O universo vai-se expandindo espaço infinito afora, só pra ver quem é mais infinito no fim das contas: ele, universo infinito, ou o próprio infinito. E o fim das contas não existe, qualquer endividado sabe disso muito bem.

O que talvez também não seja novidade é que o Brasil segue a mesma trajetória da cósmica expansão.
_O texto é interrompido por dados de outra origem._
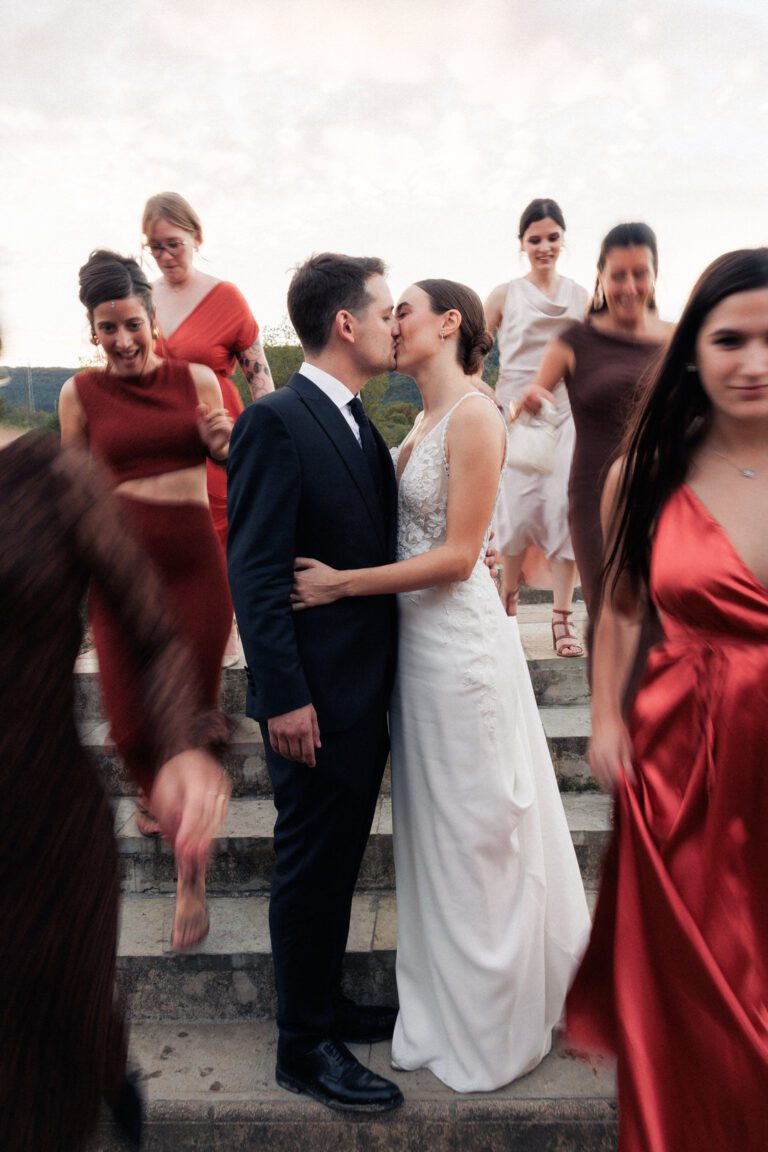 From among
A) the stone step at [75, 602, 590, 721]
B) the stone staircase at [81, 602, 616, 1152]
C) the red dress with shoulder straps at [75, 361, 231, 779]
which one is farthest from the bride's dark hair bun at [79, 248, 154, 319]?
the stone step at [75, 602, 590, 721]

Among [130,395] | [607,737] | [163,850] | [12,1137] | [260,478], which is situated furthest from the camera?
[163,850]

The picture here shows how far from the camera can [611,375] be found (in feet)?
11.5

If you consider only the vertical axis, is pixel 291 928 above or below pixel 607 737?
below

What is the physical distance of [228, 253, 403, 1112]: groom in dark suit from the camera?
2312 millimetres

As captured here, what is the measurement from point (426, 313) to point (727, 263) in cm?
93

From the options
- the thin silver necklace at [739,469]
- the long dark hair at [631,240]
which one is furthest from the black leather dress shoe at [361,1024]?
the long dark hair at [631,240]

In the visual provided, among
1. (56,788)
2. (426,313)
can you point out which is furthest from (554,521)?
(56,788)

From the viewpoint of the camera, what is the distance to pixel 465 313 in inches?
105

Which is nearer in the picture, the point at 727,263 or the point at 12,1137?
the point at 12,1137

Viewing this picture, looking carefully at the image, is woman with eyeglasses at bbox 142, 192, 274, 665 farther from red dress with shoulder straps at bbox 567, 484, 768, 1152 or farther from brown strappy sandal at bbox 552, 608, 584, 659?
red dress with shoulder straps at bbox 567, 484, 768, 1152

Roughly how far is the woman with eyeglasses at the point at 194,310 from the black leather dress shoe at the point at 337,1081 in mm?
2019

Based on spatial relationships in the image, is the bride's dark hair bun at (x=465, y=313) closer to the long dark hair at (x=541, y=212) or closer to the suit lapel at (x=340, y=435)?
the suit lapel at (x=340, y=435)

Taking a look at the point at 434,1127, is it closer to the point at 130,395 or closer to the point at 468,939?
the point at 468,939

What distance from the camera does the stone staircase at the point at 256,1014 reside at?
2502 millimetres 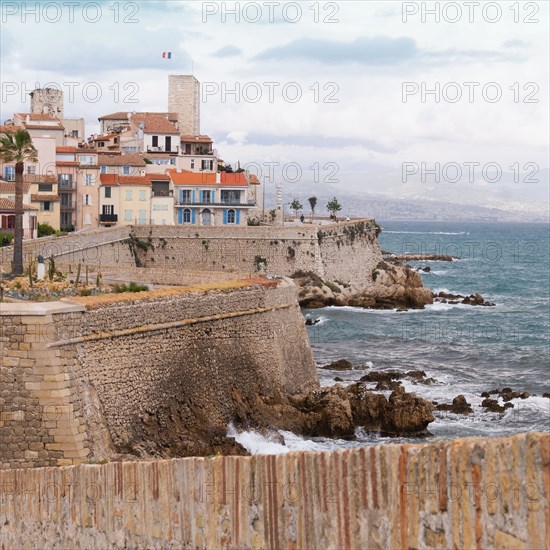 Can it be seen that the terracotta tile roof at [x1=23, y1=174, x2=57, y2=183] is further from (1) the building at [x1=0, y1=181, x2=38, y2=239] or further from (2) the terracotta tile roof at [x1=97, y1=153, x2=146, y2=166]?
(2) the terracotta tile roof at [x1=97, y1=153, x2=146, y2=166]

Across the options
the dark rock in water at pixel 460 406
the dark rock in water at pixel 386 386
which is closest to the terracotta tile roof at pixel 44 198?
the dark rock in water at pixel 386 386

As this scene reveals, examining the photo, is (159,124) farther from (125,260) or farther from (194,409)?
(194,409)

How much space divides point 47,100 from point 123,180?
90.5ft

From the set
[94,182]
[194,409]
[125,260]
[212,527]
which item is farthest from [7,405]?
[94,182]

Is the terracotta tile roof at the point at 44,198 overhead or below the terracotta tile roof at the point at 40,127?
below

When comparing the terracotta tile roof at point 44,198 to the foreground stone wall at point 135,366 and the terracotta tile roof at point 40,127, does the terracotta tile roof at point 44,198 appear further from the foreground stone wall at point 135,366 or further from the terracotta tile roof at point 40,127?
the foreground stone wall at point 135,366

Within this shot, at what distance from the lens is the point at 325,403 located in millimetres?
32750

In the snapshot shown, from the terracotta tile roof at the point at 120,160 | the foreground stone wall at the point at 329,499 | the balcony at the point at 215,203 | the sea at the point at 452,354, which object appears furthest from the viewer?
the terracotta tile roof at the point at 120,160

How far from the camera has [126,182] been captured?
220 ft

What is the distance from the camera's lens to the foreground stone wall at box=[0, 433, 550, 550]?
783cm

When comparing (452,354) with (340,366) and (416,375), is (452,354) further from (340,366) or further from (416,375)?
(416,375)

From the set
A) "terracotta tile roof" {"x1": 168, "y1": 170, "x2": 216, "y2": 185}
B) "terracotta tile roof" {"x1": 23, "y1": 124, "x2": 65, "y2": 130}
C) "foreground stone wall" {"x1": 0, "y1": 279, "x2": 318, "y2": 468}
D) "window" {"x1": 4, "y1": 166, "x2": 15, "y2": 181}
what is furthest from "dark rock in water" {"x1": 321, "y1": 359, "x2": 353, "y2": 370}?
"terracotta tile roof" {"x1": 23, "y1": 124, "x2": 65, "y2": 130}

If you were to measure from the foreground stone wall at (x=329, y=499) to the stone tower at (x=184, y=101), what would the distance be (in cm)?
8451

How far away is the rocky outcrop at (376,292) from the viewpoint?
66.2 meters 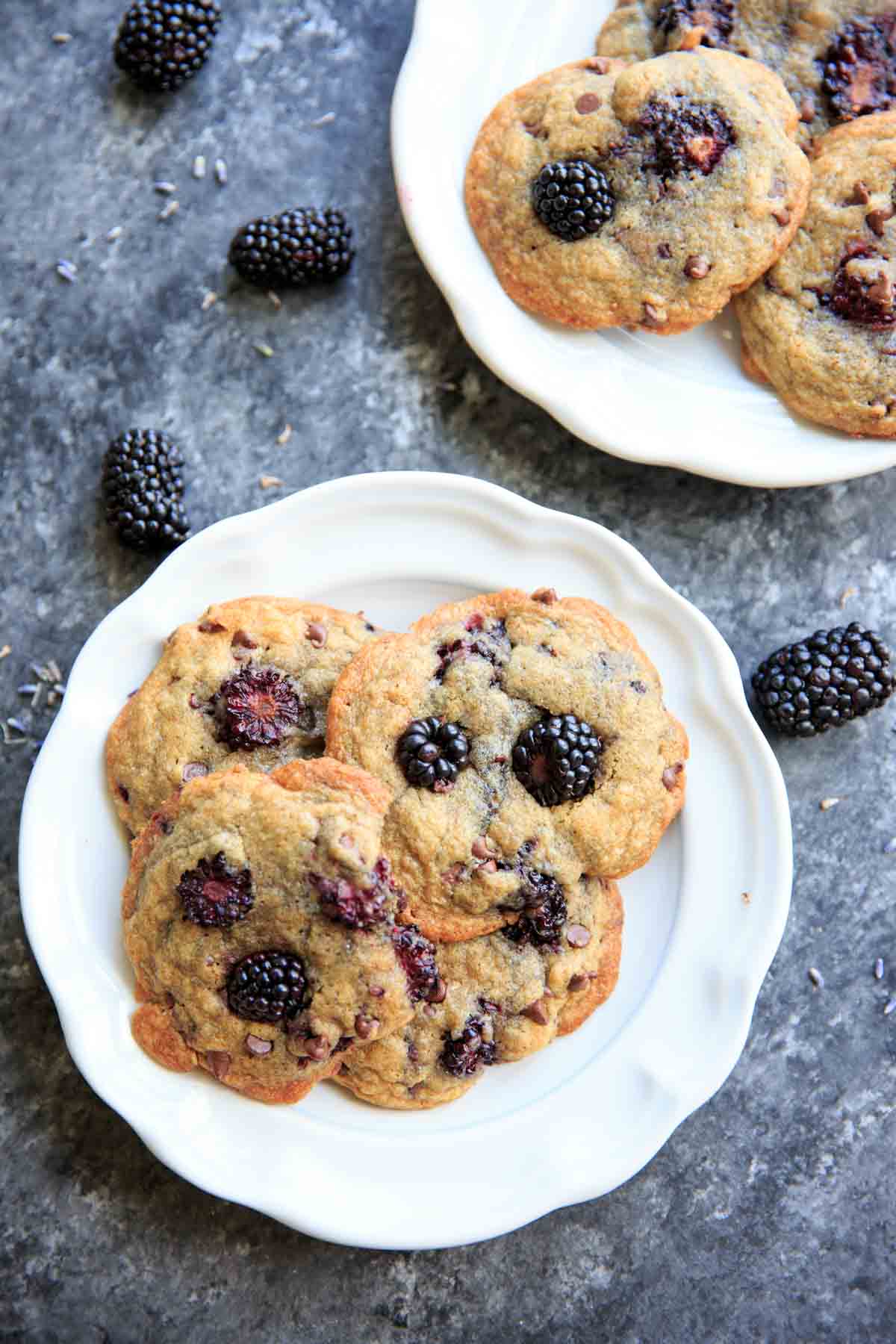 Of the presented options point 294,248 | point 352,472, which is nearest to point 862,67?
point 294,248

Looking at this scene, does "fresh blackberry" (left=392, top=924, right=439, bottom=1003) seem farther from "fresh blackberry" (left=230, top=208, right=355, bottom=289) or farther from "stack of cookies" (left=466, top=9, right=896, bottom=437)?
"fresh blackberry" (left=230, top=208, right=355, bottom=289)

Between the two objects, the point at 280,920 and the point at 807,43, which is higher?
the point at 807,43

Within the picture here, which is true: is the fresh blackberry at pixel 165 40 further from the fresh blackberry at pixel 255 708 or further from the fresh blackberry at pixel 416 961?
the fresh blackberry at pixel 416 961

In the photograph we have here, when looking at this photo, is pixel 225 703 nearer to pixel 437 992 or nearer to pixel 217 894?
pixel 217 894

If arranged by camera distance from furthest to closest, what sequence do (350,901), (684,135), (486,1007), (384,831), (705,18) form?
1. (705,18)
2. (684,135)
3. (486,1007)
4. (384,831)
5. (350,901)

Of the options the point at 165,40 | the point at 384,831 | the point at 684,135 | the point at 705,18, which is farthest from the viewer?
the point at 165,40

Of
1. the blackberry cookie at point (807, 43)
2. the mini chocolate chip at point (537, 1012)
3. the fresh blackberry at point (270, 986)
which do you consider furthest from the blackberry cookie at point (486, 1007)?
the blackberry cookie at point (807, 43)

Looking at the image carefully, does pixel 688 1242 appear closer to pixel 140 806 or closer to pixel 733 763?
pixel 733 763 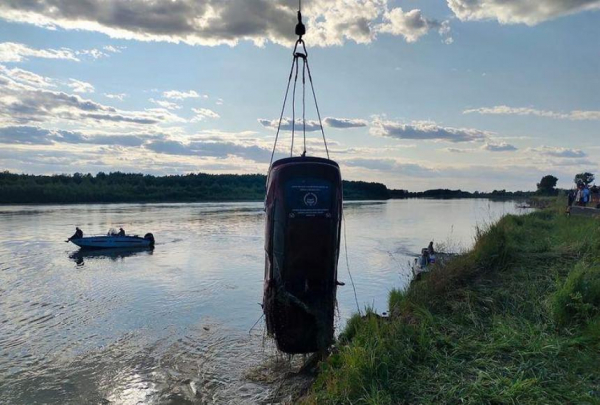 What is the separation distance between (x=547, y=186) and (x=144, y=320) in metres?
88.7

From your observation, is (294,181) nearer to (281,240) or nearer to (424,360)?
(281,240)

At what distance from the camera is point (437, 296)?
21.3ft

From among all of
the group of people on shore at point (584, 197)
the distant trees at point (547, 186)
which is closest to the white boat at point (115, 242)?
the group of people on shore at point (584, 197)

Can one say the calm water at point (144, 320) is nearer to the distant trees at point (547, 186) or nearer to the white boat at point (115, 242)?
the white boat at point (115, 242)

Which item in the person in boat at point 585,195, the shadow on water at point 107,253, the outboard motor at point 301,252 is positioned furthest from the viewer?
the shadow on water at point 107,253

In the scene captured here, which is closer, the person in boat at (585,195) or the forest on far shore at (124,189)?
the person in boat at (585,195)

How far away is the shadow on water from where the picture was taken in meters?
25.7

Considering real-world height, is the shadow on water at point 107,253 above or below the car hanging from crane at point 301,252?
below

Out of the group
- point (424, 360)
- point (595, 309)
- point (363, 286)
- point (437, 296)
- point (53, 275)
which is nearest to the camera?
point (424, 360)

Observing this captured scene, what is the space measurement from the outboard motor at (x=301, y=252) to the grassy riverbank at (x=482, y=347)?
58 cm

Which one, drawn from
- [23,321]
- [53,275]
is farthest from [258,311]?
[53,275]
Professores são seres capazes de transmitir conhecimento e provocar reflexões e modificações. Por isso, no Brasil, são tão desprezados e mal pagos. Formam então os professores uma galáxia à parte, que sai a protestar nas ruas contra a degradação da sua profissão, o tanto que deles já tiraram, a destruição da escola e do acervo científico-educacional-cultural público, assim por diante. Pelas demais organizações sociais brasileiras – ou galáxias -, são vistos como vagabundos que reclamam de barriga cheia, alimentada pelo povo.

E povo é outra galáxia, totalmente desconhecida pelas demais.

Estudantes, que fazem parte da mesma galáxia dos professores, deles se afastam.

Elites sócio-econômicas se queixam da carga tributária, dos juros altos, dos gastos públicos e, ainda que empreguem parte – planetas, anões ou não – da galáxia denominada Povo, e que parte dessa parte venha das escolas e universidades - que compartilham da órbita dos Professores -, a galáxia Elites se afasta das demais.

Políticos – ah, os políticos! - sabem de tudo, tudo propõem, prometem muito mais. Ouvem pouco. Muitos deles, percebendo espaços que se agigantam na camada de Ozônio, é na luz crepuscular que bem se adaptam à inescrupulosa. Rapidamente se libertam da gravidade e de todas as demais leis. Têm na galáxia Povo seu alvo predileto: eis a inspiração de Guerra nas Estrelas.

O Governo, ainda que majoritariamente orbitado por políticos, é uma outra galáxia. Aumenta impostos e diminui custos, sim senhor – senão, os professores não estariam reclamando.

Galáxias como a dos traficantes vão-se expandindo à velocidade da luz, na razão direta das massas e na inversa do quadrado da razão.

No lugar da razão, galáxias distintas, estranhas, planetas a desaparecer da órbita, a se violentar e a se perder no éter, a se plutanizar – expressão que, ninguém duvide, brevemente será cunhada – e não parente, do desprezado e simultaneamente temido, porque desconhecido, vernáculo.

A razão provavelmente preferiria professores bem preparados e pagos, universidades aparelhadas, concorrência saudável entre escolas públicas e privadas, empresas públicas e privadas eficientes e competitivas oferecendo o melhor, de empregos a produtos, comungando com cidadãos de emprego e vida dignos o pagamento dos impostos necessários e suficientes para o Estado-servidor.

Quereria presumivelmente a razão cidades menos tensas, com melhor distribuição de renda e demografia, transporte público de qualidade, paisagem em harmonia com a população, progresso social e desenvolvimento no ritmo que lhes fosse adequado, a elas e eles, cidades e cidadãos. Seu contrário são as mega-cidades, com sua mega-miséria, mega-violência, mega-engarrafamentos, mega-corrupção, mega-demagogia, mega-poluição...

Mas, que mega, hein?

Dizem que é assim por culpa da história, dos Estados Unidos e dos portugueses; por culpa do povo, do governo, das elites; a culpa é do clima, a culpa...

O Brasil se expande para fora de si, por meio de suas distintas galáxias distantes umas das outras, afastando-se, indo-se, cada qual por si.

Ao contrário do universo, o começo do Brasil é conhecido.

Bem como seu fim, tudo indica, o será em breve.